Let’s focus on the repeated StreamMetadata part of the message. Below is a short version of its definition.

  StreamKey stream_key = 1; // The StreamKey
  oneof message {
    AudioMetadata audio = 2;       // Audio metadata
    VideoMetadata video = 3;       // Video metadata
    // other types of metadata (subtitles etc)...
  }
}

So our context is a mapping from StreamKey to data about the multiple StreamKeys, and each stream key has supplemental information associated with it depending on its type (audio stream, video stream, subtitles, etc.).

Stream Keys

Let’s keep digging into the detail. Here’s how the StreamKey Message is defined in Norsk’s media.proto file.

message SourceName { string source_name = 1; }
message ProgramNumber { int32 program_number = 1; }
message StreamId { int32 stream_id = 1; }
message RenditionName { string rendition_name = 1; }

message StreamKey {
  SourceName source_name = 1;
  ProgramNumber program_number = 2;
  StreamId stream_id = 3;
  RenditionName rendition_name = 4;
}

A Stream Key consists of 4 parts:

  • SourceName - A string provided by your code. For example, "camera1", "Studio RTMP Input", "Bob’s SRT Encoder", or "UDP from the satellite receiver".
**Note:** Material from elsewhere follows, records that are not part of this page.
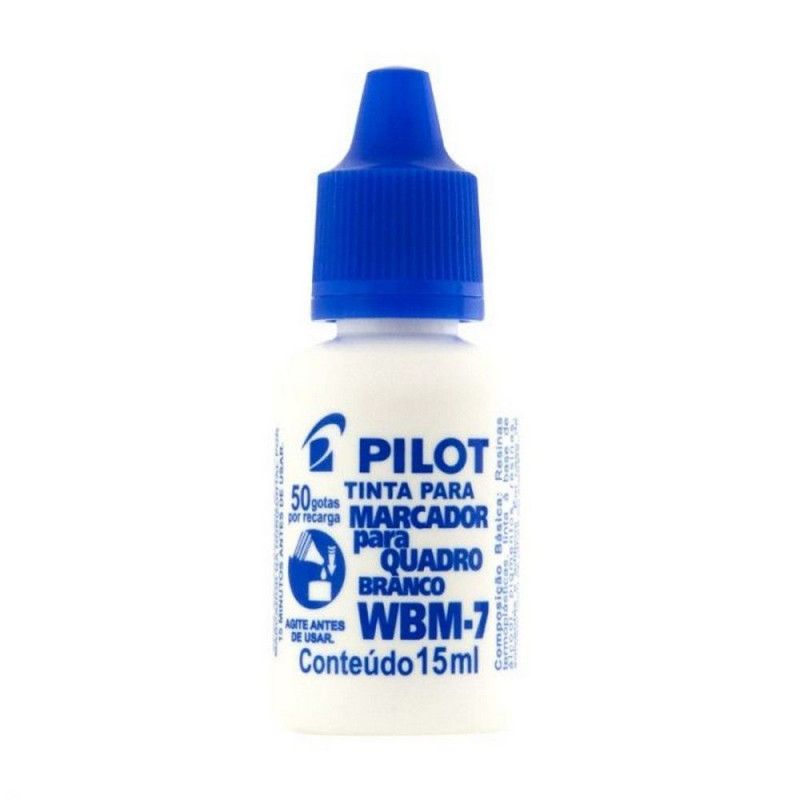 TINTA REABASTECEDOR QUADRO BRANCO 15ML WBM-7 PILOT - REF. WBM-7 AZUL - CAIXA COM 12 UNIDADES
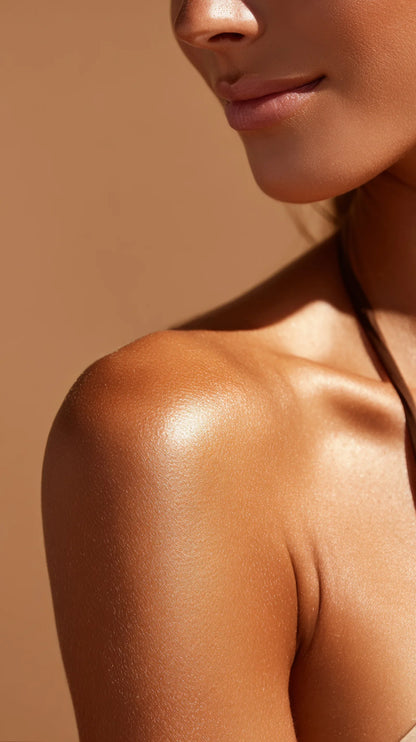 Bare-shouldered model against a warm tan backdrop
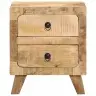 Naktsskapītis 2 Gab 40X32X46 Cm Masīvkoka Raupja Mango Vidaxl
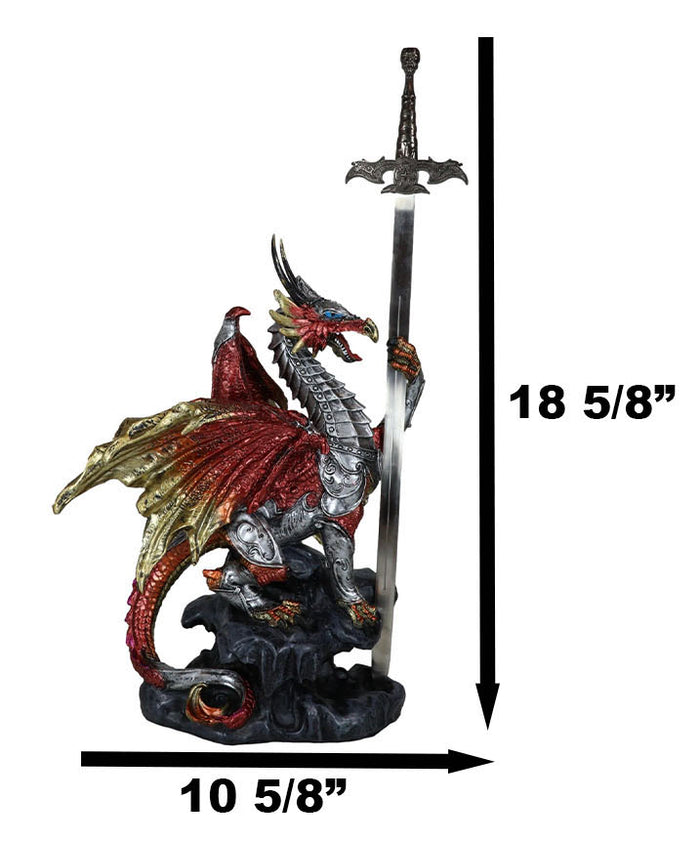 Ebros Gift Red King's Knight Armored Dragon With Gothic Skull Sword Letter Opener Figurine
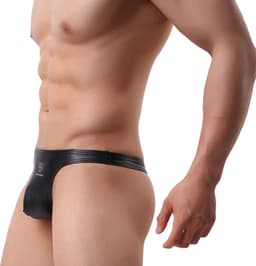 PU Lederen porno slip heren - Lage taille - Mini string - Erotisch ondergoed - Aansluitend — thumbnail 3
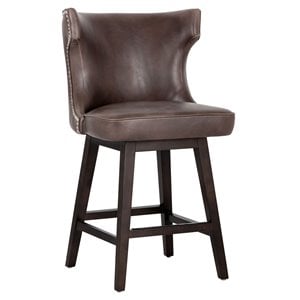 Sunpan Neville 26&quot Modern Faux Leather Swivel Counter Stool in Dark Brown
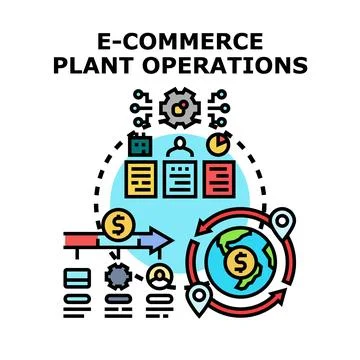 E commerce plant operations global business logistics Stock Illustration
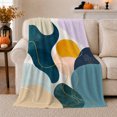 thumbnail image 1 of Abstract Blue Gold and Lavender Shapes, Dreamy Modern Style for Art Lovers, Soft Geometric Color Flow and Housewarming Gift, Cozy Flannel Blanket for Bedroom and Living Room, Home Decor, 1 of 9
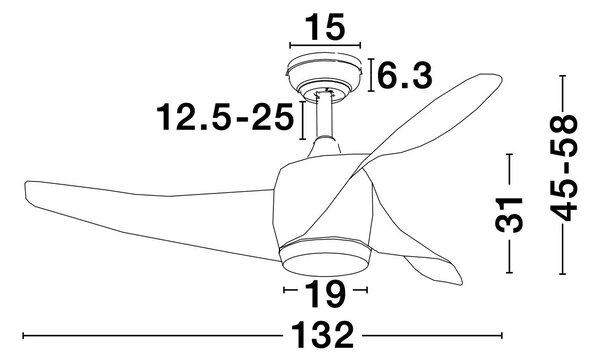Stropný ventilátor Breeze s diaľkovým ovládaním – Hnedá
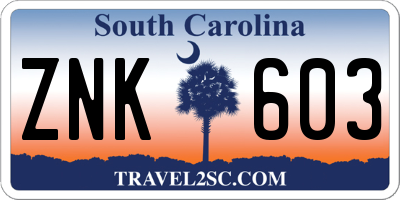 SC license plate ZNK603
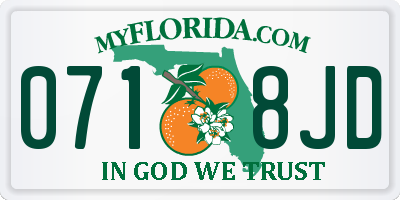 FL license plate 0718JD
  • ProgramNumber - A number identifying the program within the source. This exists to support multiprogram-capable sources, such as a multiprogram transport stream, in which case it is the source that allocates the ProgramNumber. For single-program sources such as RTMP, the ProgramNumber is always 1.

  • StreamId - A number identifying the stream within the program. This is allocated by the source.

  • RenditionName - Any media may exist in multiple renditions; a good example is an ABR ladder for a video stream, where there are several streams containing the same content but encoded at different qualities. Your code may well choose to name the renditions "low", "medium", and "high". For streams received from a source Media Node where no additional configuration has been provided, the RenditionName is "default".

For those of you used to working with Transport Streams, this will probably seem rather familiar. For those of you less so, here’s an example.

Stream Key Example

Let’s say we are receiving a UDP stream from a satellite decoder tuned to a particular frequency. The received transport stream can contain multiple programs (think BBC1, BBC2, etc., all multiplexed together…​), and each program can contain multiple streams of data.

Typically, that’s one video stream and one audio stream but it can be zero or more video / audio / subtitle / data / …​ streams. Multiple audios are certainly reasonably common (English and Spanish audio, commentary, and stadium sound separately…​)

So the StreamKeys of the content from the "UDP from the satellite receiver" stream might well be:

  • "UDP from the satellite receiver" / 1 / 256 / "default" - program 1 video

  • "UDP from the satellite receiver" / 1 / 257 / "default" - program 1 English audio

  • "UDP from the satellite receiver" / 1 / 258 / "default" - program 1 Spanish audio

  • "UDP from the satellite receiver" / 2 / 256 / "default" - program 2 video

  • "UDP from the satellite receiver" / 2 / 257 / "default" - program 2 audio

How things like language or content type are communicated varies from input node to input node. For example, a transport stream input provides (optional) callbacks to the user with the data from the PAT and PMT for the transport stream. These mechanisms are discussed elsewhere, on a per-input basis.

The good news is, you now know how Norsk labels all streams. TS is as complex as it gets, and we use the same naming strategy for all streams regardless of whether they are from TS, WebRTC, SRT, MP4, fMP4, etc.